A contract of employment is a legal agreement between the employer and the employee. It contains terms, either express or implied, which cannot lawfully be changed or varied by the employer without further agreement from the employee (either individually or through the trade union).
If the employer is thinking of changing a fundamental term of you and your colleagues’ contracts it should carry out a consultation. In other words the employer should meet with affected employees (or their representatives) and explain why it's interested in making the change. The employer has to give staff time to consider the proposal as well as to suggest alternative ways of achieving the same result (for example the employer could save money by doing x instead).
If, after receiving employees’ alternative proposals, the employer decides to go ahead with the change, it can do so. However, they must compensate you for any financial loss associated with the change, and give you sufficient notice of when the change will take effect. People affected need, after the first month of employment, to be given at least one week's notice per year of service, up to 12 weeks, or the notice due under their contracts, whichever is longer. Failing to give enough notice may make a change unlawful.
An employee can decide to accept a change, and many terms of the contract are, of course varied from time to time, by mutual consent. For example, it is quite usual for pay to be varied, usually increased, on an annual basis.
In some cases, the contract may contain an express term apparently permitting the employer to make changes from time to time. Even with such a clause, any changes would still need to be reasonable as well as introduced appropriately. Additionally, where changes are made to your contract, employers must give you written notification of the change within one month.
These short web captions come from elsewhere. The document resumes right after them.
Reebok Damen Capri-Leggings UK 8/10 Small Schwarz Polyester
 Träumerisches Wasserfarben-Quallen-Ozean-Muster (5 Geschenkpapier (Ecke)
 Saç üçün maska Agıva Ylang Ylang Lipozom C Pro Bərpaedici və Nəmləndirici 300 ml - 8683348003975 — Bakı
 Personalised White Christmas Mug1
However, that does not change the fact that an unauthorised, one-sided variation is a breach of the contract of employment. You should consider regularly registering your opposition to the change (e.g. every month) and pursuing a claim in the employment tribunal for unlawful deduction from wages, and a declaration as to what the terms of your contract are. If the change is so fundamental that it goes to the heart of the contract, it may justify you resigning in protest. Such a resignation, if a justified response to your employer’s conduct, could be a 'constructive dismissal'.
Resigning is often, however, only advisable where you have another job to go to. An alternative would be to claim that there were two contracts (the original contract and a version amended by employer) and that the ending of the first contract amounted to an unfair dismissal. However, the compensation is small (essentially just a statutory redundancy payment - in 2011 £400 per year of service) and your previous time with the employer would no longer count towards your continuity of service.